Accordingly, adjacent chips 332 should be placed in relatively close proximity. Adjacent chips 332 are preferably placed in near-contiguous relationship with respect to one another so that the chips are in contact or are substantially in contact. Adjacent chips 332 are spaced apart from one another by a chip spacing 335 that is generally defined by the distance d between lateral edges 338 of the chips 332, as shown in the enlarged view in FIG. 4B. The chip spacing 335 between adjacent chips 332 is preferably small in comparison with the lengths L1, L2 of the adjacent lateral edges 338. LED chips 32 are currently commercially available in a variety of generally square or rectangular shapes and sizes, for example from 1 mm×1 mm to 1 mm×10 mm. LED chips 32 that are suitable for use with the present invention are available from Philips Lumileds Lighting Company and from Osram Sylvania. To avoid a “digitized” beam pattern, the chip spacing 335 between adjacent chips 332 may be less than 0.2 mm or may be less than 0.15 mm. In a preferred embodiment, the chip spacing is less than 0.1 mm.
FIG. 5 shows a LED light source 418, according to another embodiment of the invention. The light source 418 comprises a first light-emitting portion 440, a second light-emitting portion 442, and a third light-emitting portion 444. Each of the portions 440, 442, 444 comprises one or more LED chips 432, as described above. The portions 440, 442, 444 are arranged to form a light-emitting surface 419 having a shape that corresponds with a predetermined beam pattern 426. According to an aspect of the invention, each of the portions 440, 442, 444 has a distinct output characteristic. For example, each of the portions 440, 442, 444 may be configured to emit light at different frequencies or colors. Alternately, or additionally, each of the portions 440, 442, 444 may be configured to emit light at different intensities or levels of brightness.
In an exemplary embodiment, the first portion 440 comprises one or more LED chips 432 having a relatively low output, the third portion 444 comprises one or more LED chips 432 having a relatively high output, and the second portion 442 comprises one or more LED chips 432 having an output that is intermediate the output of the first and third portions. For example, in a preferred embodiment, the first portion 440 may comprise one or more chips 432 having an output of 25 or 50 lumens, the second portion 442 may comprise one or more chips 432 having an output of 100 lumens, and the third portion 444 may comprise one or more chips 432 having an output of 200 lumens. One of ordinary skill in the art will appreciate that the number, size, shape, and other characteristics of the light-emitting portions may be varied within the scope and spirit of the present invention.

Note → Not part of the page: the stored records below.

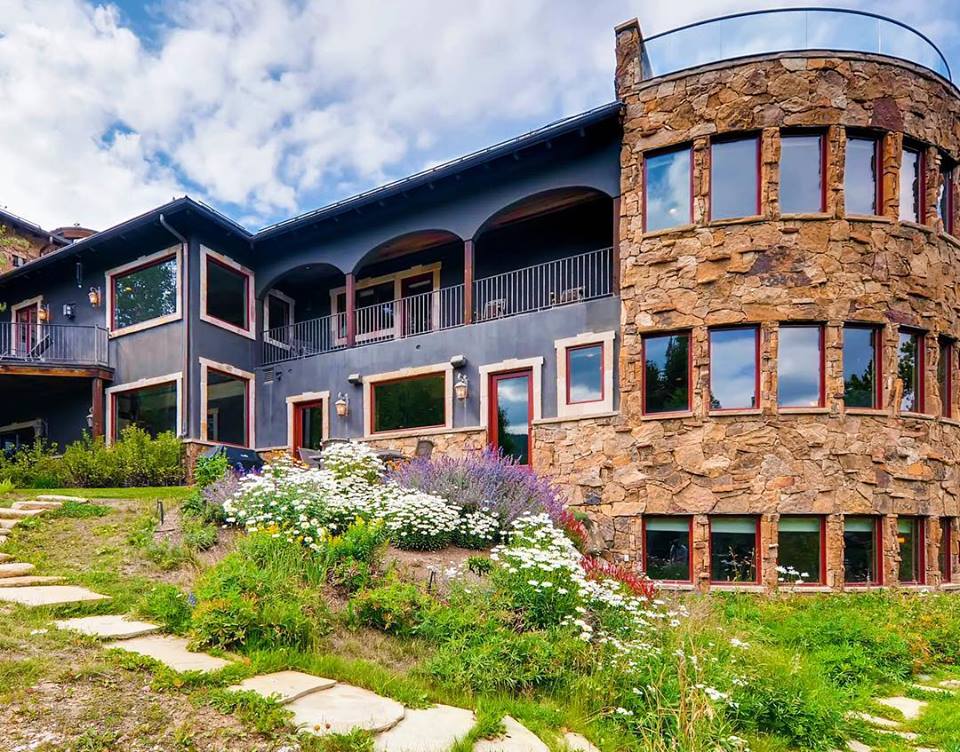 bookdirect's tweet image. RT @TripsInRentals: For rent on TripsIn.com, this stunning 5 bedroom, 5.5 bathroom home in #Breckenridge, #Colorado can accommodate 21 guests and truly has it all! For all of the details &amp;amp; amenities visit: TripsIn.com/vacation-renta… | #BookDire…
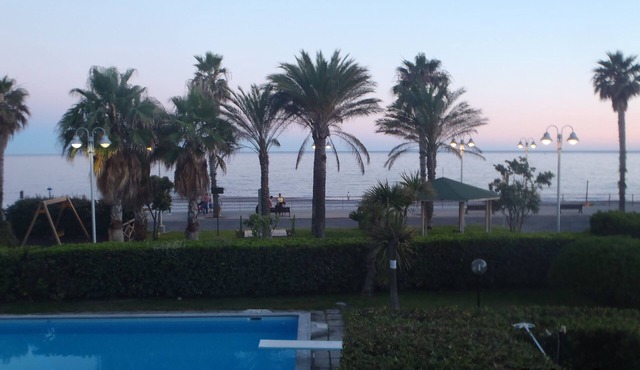 Gorgeous sea-front oasis of quietness and beauty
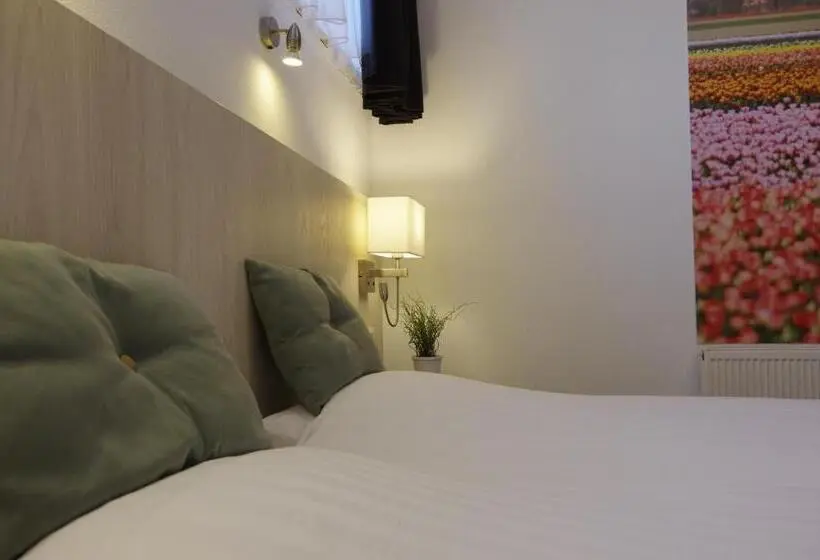 2 Bedroom Family Suite, And Restaurant Van Saaze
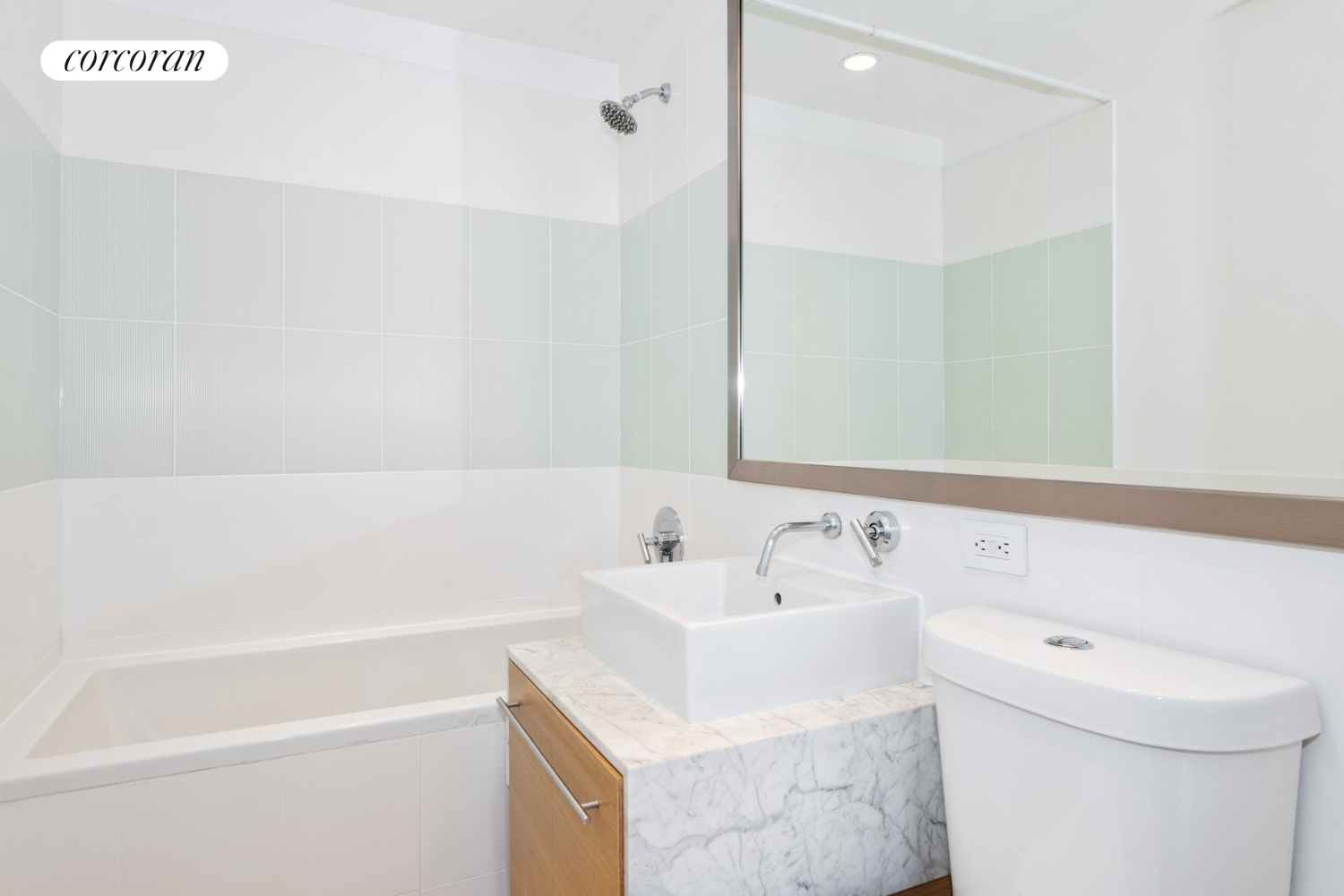 100 W 39TH Street 39J
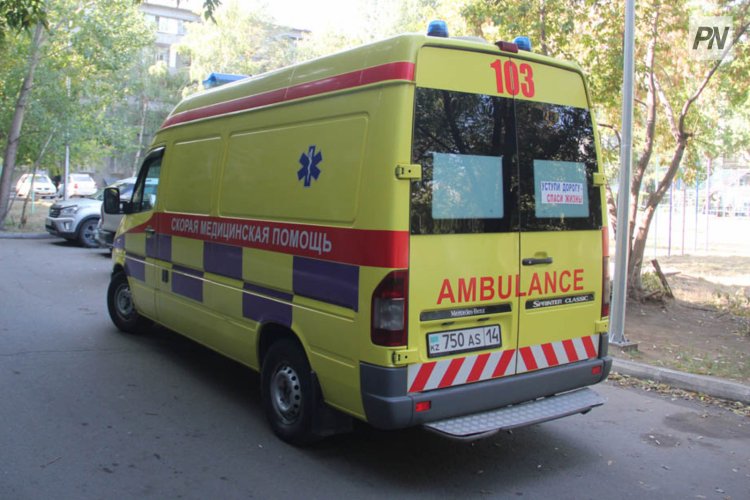 В Павлодаре медики скорой помощи спасли пенсионерку от смерти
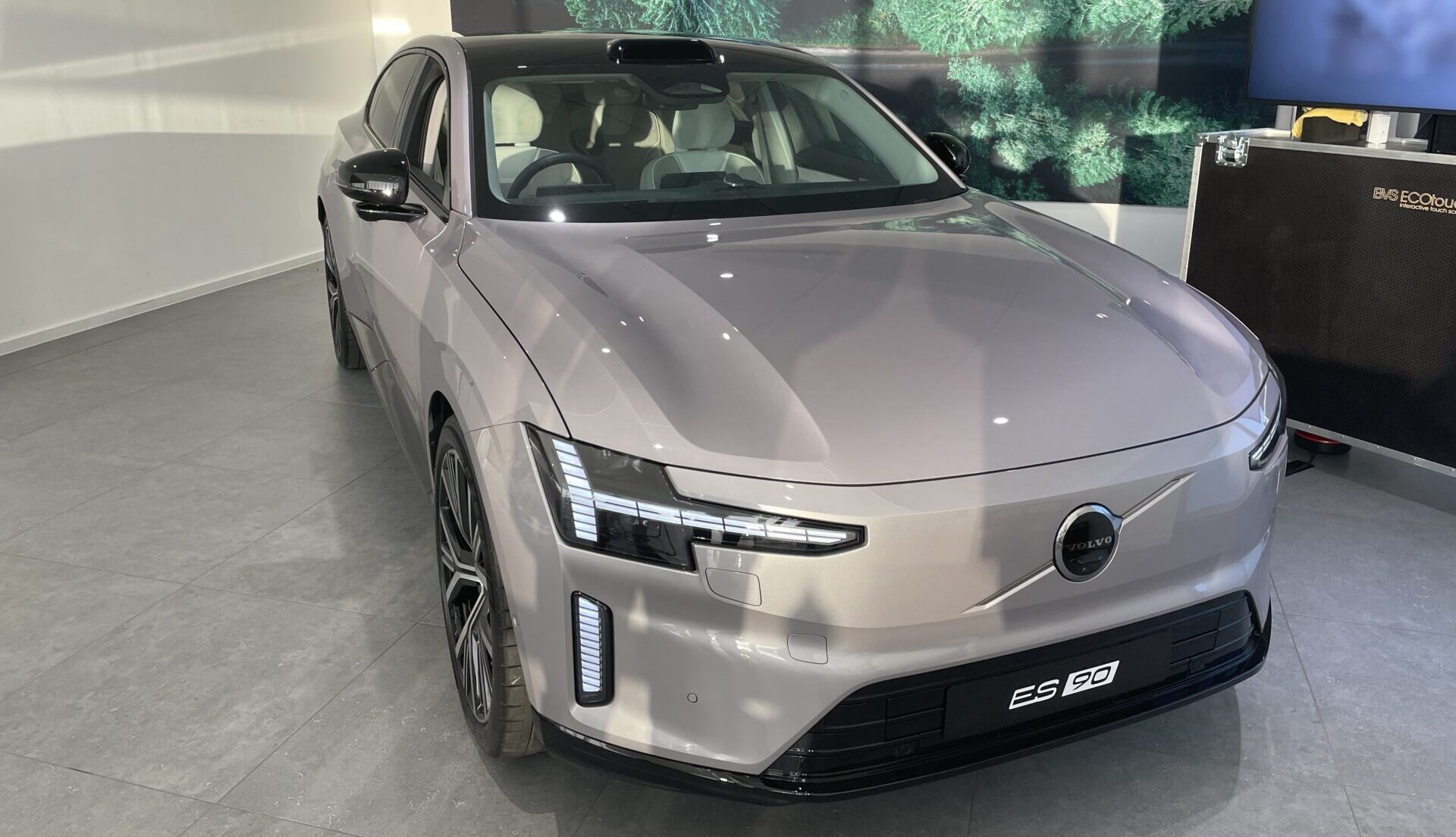 Waylands Reading unveils Volvo ES90 to local fleet managers | Business Motoring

FIG. 6 illustrates the beam pattern 426 that may be produced using the light source 418 shown in FIG. 5. The beam pattern 426 has a shape that corresponds generally with the shape of the light emission surface 419, but is horizontally and vertically inverted with respect to the optical axis A. The beam pattern 426 comprises a low light-intensity portion 450, an intermediate light-intensity portion 452, and a high light-intensity portion 454. Each of the beam pattern portions 450, 452, 454 has a shape and an intensity that corresponds with the shape and intensity of the corresponding LED construction portion 440, 442, 444.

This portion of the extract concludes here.